1. Let $A$ and $B$ be $n\times n$ matrixes such that $A^2=I$, $B^2=I$ and $(AB)^2=I$. Prove that $AB=BA$
Use $A^2= I$ and $B^2= I$ to show that (AB)(BA)= I. Then you have (AB)(BA)= (AB)(AB). Multiply both sides by $(AB)^{-1}$ (after showing that AB is invertible, of course).

2. Let $A$ be some $2\times2$ matrix such that $AX=XA$ for all real $2\times2$ matrxes.
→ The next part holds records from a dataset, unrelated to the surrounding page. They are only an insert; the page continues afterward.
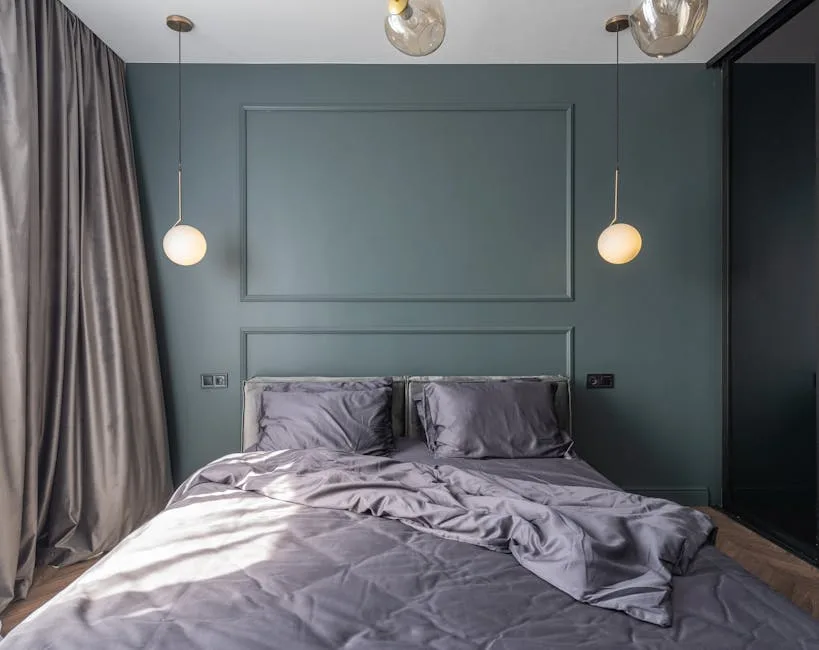 Primary bedroom with bed centered against teal wall facing doorway, flanked by globe pendant lights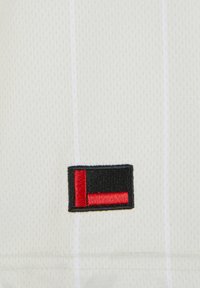 Un tissu blanc avec un tissage texturé présente un logo rectangulaire brodé noir et rouge dans la partie inférieure. Des rayures verticales blanches sont visibles.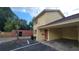 Exterior view of a condo with yellow stucco, brown trim and a covered parking area at 7502 Bolanos Ct, Tampa, FL 33615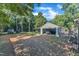 A large backyard with covered parking, truck, and ample green space and trees at 109 Mill Creek Dr, Youngsville, NC 27596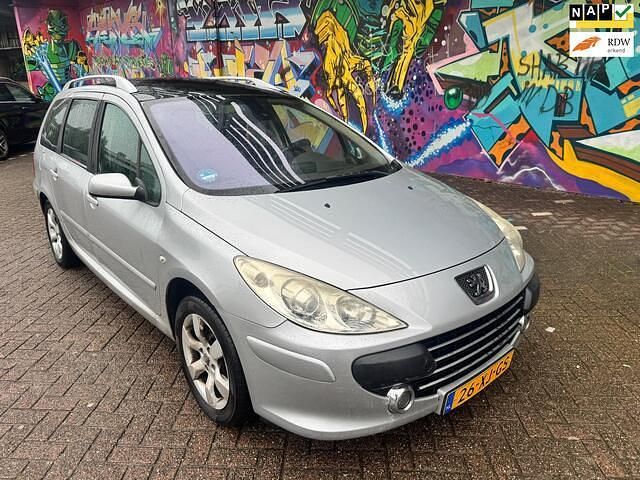Grijs Gebruikt 2007 Peugeot 307 Premium Stationwagen | € 1.495 (Eerlijke prijs) - Afbeelding 1/4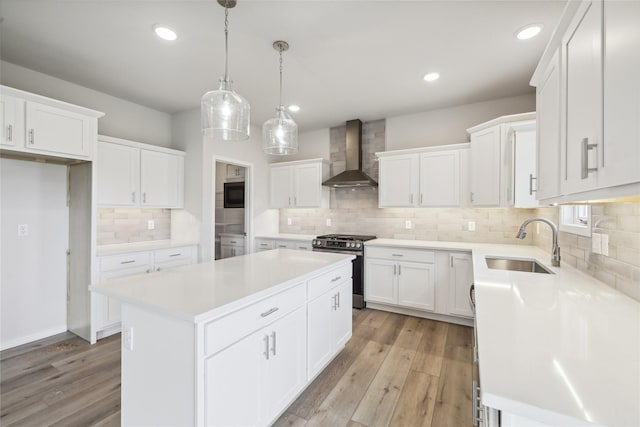 kitchen with sink, white cabinets, a center island, stainless steel gas range oven, and wall chimney range hood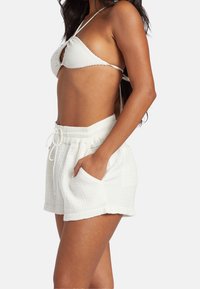 Biały bikini z teksturowanym topem, mającym skrzyżowane ramiączka, oraz lekkie białe szorty z wysokim stanem, wyposażone w elastyczny pas i kieszenie.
Prove that $A=\alpha I$ for $\alpha \in R$
Let X be $\begin{bmatrix}1 & 0 \\ 0 & 0\end{bmatrix}$, $\begin{bmatrix}0 & 1 \\ 0 & 0\end{bmatrix}$, $\begin{bmatrix}0 & 0 \\ 1 & 0\end{bmatrix}$, and $\begin{bmatrix}0 & 0 \\ 0 & 1\end{bmatrix}$.

3. The word is "matrices" not "matrixes"

4. for the first one, how do i prove AB is invertible? do i need to prove anythin else other than the fact that its square?

for the second one, how did you know to choose those 4 "matrices"

5. A matrix is invertible if and only if its determinant is non-zero. If A had determinant 0, then $det(A^2)= det(A)det(A)= 0$. but $A^2= I$ which has determinant 1, not 0. Therefore det(A) is not 0. Same thing for B. Then det(AB)= det(A)det(B) is non-zero.

I chose those four matrices because they are the "standard basis" for the vector space of 2 by 2 matrices. Every such matrix can be written as a linear combination of them:
$\begin{barray}a & b \\ c & d\end{bmatrix}= a\begin{bmatrix}1 & 0 \\ 0 & 0\end{bmatrix}+ b\begin{bmatrix}0 & 1 \\ 0 & 0\end{bmatrix}+ c\begin{bmatrix}0 & 0 \\ 1 & 0\end{bmatrix}+ d\begin{bmatrix}0 & 0 \\ 0 & 1\end{bmatrix}$
so they "represent" all 2 by 2 matrices.